Posté le 7 juillet 2020 dans Golfs, Voyages & Golfs.
Ableiges : golf, nature et émotion
Au cœur du parc naturel du Vexin, au nord-ouest de la région parisienne, le golf d’Ableiges se déhanche délicatement autour d’un bois de 15 hectares, où il n’est pas rare de croiser des biches et des chevreuils. Un parcours qui ne laisse surtout pas indifférent, avec une large variété de trous qui sont autant de défis à relever.
Sa population aurait doublé pendant le confinement. Non, il ne s’agit pas des collectionneurs de double bogey et autres psittacistes de la gratte qui déambulent sur les fairways d’Ableiges en toute saison, ici comme ailleurs. On parle plutôt des biches et des chevreuils qui, à distance raisonnable et dès le green du 1, semblent observer avec effroi le déroulé de votre swing. A moins que ces « petites » bêtes ne soient farouches par nature…
Bordé par la Viosne, un affluent de l’Oise, ce par 72 dessiné il y a plus de trente ans par Jean Garaïalde et Jeremy Pern est un défi quasi permanent. Enclavé dans une de ces vallées – qu’il faudra descendre et remonter à deux reprises – peuplées d’arbres centenaires dont le Vexin a le secret, ce golf a incontestablement du relief, dans tous les sens du terme. Car des hauts et des bas, il n’y en aura pas seulement sur votre carte de score. L’aller et le retour, qui s’entrecroisent, sont le prétexte à une paisible flânerie club en mains, seul l’express de 17h42 venant sporadiquement troubler la quiétude des lieux, une voie ferrée fricotant avec les départs du 5, du 15 et le green du 14.
Au-delà de cette communion avec dame nature, Ableiges c’est avant tout un parcours qui refuse la monotonie et oscille entre une foisonnante variété de dévers, de dénivelés, d’étroits corridors mais aussi de larges avenues verdoyantes où les tenants d’un golf subtil et les bombardiers du dimanche pourront s’en donner à cœur joie, à condition de choisir le bon trou pour cela. Car, comme le souligne à bon escient son directeur, Cyril Ferrand, « un golf réussi, c’est un golf dont on se souvient d‘un maximum de trous ». Ce qui est incontestablement le cas ici.

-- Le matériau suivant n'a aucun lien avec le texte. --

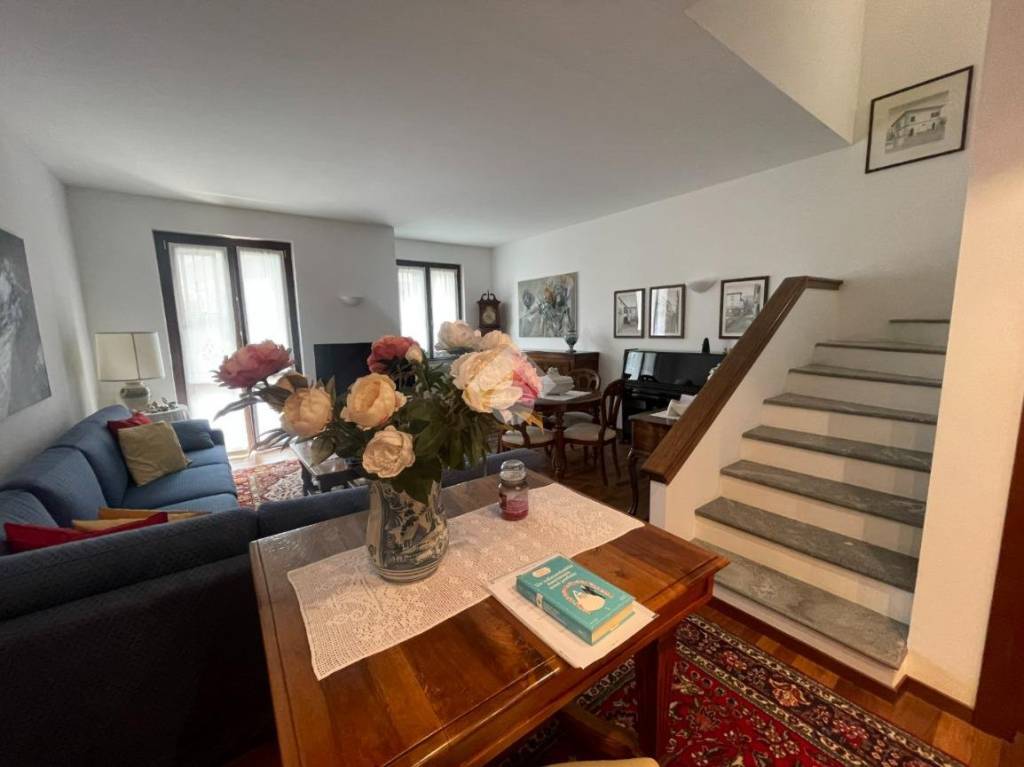 casa indipendente in vendita a Saronno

Passé l’agréable tour de chauffe sur les trois premiers fairways, plutôt larges s’il n’y avait ce satané hors limite tout le long sur le 1 (à gauche) et le 3 (à droite), le trou n° 4 est un premier coup d’éclat, un coup de cœur, un coup de bambou… qu’il s’agit de dompter en trois coups, ça tombe bien. Après une longue marche digne de Mao depuis le green du 3, ce par 3 pas comme les autres se dévoile soudainement à vos yeux ébaubis – les mêmes que ceux des chevreuils découvrant votre swing – et semble tout droit sorti de l’imagination des scénaristes d’Indiana Jones et le Temple Maudit, le pont suspendu en moins.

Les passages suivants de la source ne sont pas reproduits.